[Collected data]
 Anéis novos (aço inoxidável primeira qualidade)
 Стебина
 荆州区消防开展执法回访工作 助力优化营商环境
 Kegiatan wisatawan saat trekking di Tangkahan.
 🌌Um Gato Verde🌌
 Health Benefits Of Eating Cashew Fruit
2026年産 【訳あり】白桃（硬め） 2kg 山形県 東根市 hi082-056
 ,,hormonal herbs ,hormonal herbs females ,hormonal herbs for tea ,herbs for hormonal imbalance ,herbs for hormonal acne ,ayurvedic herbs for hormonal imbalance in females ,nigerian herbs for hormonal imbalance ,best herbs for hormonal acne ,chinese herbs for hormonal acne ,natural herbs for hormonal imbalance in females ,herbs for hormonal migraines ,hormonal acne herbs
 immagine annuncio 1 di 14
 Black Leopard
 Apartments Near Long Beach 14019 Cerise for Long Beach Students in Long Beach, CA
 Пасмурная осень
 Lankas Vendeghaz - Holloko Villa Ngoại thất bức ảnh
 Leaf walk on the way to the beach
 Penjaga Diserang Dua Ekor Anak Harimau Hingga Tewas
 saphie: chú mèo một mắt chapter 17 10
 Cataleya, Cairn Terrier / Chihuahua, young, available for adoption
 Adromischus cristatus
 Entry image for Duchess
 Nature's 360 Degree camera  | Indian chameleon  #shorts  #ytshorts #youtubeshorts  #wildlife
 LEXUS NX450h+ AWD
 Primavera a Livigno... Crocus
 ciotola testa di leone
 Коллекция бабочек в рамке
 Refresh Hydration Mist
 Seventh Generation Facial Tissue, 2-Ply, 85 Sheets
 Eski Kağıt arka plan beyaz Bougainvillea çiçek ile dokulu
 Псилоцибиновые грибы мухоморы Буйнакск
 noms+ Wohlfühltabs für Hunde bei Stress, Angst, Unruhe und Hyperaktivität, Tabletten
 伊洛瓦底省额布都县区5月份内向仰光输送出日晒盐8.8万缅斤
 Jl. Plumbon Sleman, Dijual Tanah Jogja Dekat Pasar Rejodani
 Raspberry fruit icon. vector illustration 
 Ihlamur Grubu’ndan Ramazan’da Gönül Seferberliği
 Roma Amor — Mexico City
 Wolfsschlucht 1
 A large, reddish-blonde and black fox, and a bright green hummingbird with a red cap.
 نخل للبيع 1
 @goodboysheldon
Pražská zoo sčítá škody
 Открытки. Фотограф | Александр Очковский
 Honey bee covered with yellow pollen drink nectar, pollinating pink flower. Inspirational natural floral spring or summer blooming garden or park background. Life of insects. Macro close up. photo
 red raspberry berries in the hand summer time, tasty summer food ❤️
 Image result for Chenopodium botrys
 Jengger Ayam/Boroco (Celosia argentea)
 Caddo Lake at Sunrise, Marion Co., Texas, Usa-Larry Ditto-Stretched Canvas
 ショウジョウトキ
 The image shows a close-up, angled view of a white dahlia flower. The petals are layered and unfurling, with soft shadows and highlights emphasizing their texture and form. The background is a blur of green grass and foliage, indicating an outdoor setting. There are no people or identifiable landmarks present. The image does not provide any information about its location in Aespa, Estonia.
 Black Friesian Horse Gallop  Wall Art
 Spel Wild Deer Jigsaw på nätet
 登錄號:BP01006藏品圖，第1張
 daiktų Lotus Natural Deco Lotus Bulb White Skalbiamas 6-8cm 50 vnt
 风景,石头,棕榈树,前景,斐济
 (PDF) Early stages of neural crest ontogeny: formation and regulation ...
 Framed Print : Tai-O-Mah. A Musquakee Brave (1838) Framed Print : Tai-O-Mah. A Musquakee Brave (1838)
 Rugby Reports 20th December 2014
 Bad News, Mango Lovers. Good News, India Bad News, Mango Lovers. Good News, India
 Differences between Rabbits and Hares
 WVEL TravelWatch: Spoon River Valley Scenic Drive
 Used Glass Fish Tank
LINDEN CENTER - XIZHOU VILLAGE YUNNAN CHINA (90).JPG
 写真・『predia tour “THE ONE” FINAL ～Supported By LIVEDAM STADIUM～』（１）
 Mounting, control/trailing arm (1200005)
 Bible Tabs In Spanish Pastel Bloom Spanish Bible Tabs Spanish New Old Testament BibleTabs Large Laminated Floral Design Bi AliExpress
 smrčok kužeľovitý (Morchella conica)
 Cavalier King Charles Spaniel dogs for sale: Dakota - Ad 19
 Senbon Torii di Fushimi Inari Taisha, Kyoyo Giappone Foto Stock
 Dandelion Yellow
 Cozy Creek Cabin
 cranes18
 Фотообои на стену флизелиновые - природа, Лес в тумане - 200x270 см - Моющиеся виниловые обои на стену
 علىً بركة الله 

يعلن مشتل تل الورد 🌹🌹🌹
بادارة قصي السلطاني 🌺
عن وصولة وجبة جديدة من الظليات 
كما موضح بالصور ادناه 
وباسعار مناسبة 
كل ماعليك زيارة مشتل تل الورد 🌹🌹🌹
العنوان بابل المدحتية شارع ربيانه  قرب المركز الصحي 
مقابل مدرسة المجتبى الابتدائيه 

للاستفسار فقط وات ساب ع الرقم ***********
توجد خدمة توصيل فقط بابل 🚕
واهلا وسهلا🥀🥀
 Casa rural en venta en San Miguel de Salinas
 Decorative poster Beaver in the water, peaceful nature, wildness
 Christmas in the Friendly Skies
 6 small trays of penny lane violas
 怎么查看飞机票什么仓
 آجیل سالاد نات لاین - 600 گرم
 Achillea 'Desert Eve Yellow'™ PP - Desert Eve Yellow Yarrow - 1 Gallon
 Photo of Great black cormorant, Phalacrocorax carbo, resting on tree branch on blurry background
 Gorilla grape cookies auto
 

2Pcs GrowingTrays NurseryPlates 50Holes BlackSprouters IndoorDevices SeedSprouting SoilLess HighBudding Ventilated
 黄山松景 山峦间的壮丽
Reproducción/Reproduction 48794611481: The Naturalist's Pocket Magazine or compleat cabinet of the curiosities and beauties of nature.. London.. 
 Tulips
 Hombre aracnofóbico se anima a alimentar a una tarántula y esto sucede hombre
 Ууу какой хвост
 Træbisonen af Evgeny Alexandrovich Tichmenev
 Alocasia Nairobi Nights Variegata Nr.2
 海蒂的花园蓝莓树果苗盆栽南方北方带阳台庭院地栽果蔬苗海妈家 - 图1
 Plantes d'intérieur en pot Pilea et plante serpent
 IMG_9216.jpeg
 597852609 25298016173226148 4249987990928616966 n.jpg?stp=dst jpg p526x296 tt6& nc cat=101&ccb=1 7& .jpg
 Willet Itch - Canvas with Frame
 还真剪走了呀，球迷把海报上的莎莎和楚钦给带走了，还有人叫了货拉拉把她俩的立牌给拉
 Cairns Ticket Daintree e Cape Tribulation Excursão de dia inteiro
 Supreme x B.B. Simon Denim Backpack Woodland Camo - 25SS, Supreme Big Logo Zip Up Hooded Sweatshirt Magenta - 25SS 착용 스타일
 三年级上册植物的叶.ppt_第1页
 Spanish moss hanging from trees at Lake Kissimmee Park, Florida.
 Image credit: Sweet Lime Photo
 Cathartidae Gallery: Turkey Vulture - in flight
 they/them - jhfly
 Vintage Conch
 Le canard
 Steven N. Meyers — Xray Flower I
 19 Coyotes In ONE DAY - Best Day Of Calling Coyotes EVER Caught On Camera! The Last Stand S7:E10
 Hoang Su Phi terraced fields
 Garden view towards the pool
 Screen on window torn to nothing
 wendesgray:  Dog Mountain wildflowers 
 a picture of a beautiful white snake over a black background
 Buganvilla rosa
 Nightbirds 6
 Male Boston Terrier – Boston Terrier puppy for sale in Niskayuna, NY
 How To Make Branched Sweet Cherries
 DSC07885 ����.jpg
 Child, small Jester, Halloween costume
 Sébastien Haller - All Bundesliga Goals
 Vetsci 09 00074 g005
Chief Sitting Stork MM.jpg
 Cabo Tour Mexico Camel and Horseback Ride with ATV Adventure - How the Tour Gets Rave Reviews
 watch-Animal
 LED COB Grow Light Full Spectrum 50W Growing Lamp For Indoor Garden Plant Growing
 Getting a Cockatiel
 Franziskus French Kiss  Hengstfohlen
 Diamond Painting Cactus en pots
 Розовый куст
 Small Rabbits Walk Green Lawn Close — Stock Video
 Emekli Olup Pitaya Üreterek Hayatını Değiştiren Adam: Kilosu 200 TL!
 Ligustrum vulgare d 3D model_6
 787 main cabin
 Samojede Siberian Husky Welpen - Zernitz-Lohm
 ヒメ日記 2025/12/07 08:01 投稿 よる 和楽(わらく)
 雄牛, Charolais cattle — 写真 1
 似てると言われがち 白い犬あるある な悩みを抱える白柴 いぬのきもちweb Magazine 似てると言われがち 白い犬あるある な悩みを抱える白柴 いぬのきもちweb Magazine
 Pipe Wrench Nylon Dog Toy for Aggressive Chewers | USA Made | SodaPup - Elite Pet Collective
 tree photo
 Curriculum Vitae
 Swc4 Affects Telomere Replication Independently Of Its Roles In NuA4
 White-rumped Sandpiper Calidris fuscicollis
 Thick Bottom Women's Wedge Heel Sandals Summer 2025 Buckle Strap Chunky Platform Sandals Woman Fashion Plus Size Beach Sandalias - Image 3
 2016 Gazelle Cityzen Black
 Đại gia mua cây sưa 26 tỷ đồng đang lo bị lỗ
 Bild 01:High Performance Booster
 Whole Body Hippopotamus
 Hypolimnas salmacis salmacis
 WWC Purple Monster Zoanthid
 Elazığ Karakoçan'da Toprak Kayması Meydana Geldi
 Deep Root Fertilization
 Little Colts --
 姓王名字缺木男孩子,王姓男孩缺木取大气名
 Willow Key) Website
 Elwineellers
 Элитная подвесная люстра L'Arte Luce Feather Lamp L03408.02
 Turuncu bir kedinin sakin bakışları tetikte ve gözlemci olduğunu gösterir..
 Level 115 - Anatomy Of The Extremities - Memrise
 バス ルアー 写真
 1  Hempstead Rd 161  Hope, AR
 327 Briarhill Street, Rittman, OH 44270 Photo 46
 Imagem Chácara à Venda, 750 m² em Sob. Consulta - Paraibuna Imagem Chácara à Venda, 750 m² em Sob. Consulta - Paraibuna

WHAT NEEDS TO BE DONE ->
Exactly as they appear, retype the lines from the start of the records through the line containing "Пасмурная осень".

RESPONSE ->
 Anéis novos (aço inoxidável primeira qualidade)
 Стебина
 荆州区消防开展执法回访工作 助力优化营商环境
 Kegiatan wisatawan saat trekking di Tangkahan.
 🌌Um Gato Verde🌌
 Health Benefits Of Eating Cashew Fruit
2026年産 【訳あり】白桃（硬め） 2kg 山形県 東根市 hi082-056
 ,,hormonal herbs ,hormonal herbs females ,hormonal herbs for tea ,herbs for hormonal imbalance ,herbs for hormonal acne ,ayurvedic herbs for hormonal imbalance in females ,nigerian herbs for hormonal imbalance ,best herbs for hormonal acne ,chinese herbs for hormonal acne ,natural herbs for hormonal imbalance in females ,herbs for hormonal migraines ,hormonal acne herbs
 immagine annuncio 1 di 14
 Black Leopard
 Apartments Near Long Beach 14019 Cerise for Long Beach Students in Long Beach, CA
 Пасмурная осень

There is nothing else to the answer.